Activity
Please state how many lines in the records contain the string "lion", with no words besides the number.

[[ Supplied material open ]]

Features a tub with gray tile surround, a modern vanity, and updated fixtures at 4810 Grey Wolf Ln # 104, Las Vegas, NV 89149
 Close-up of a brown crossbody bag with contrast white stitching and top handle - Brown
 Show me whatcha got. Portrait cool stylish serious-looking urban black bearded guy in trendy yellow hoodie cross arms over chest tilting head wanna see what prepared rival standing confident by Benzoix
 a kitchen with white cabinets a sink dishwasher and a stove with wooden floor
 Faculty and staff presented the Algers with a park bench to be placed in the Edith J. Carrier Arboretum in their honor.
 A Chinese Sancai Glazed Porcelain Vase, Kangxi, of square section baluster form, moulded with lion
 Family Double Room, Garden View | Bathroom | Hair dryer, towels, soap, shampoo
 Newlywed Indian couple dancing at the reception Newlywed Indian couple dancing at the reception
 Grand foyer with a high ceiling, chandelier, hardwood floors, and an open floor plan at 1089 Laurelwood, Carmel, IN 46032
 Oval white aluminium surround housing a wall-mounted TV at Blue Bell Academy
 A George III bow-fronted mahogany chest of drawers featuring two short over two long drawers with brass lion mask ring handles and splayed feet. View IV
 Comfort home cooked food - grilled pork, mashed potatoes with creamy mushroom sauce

[[ Supplied material closed ]]

Solution
2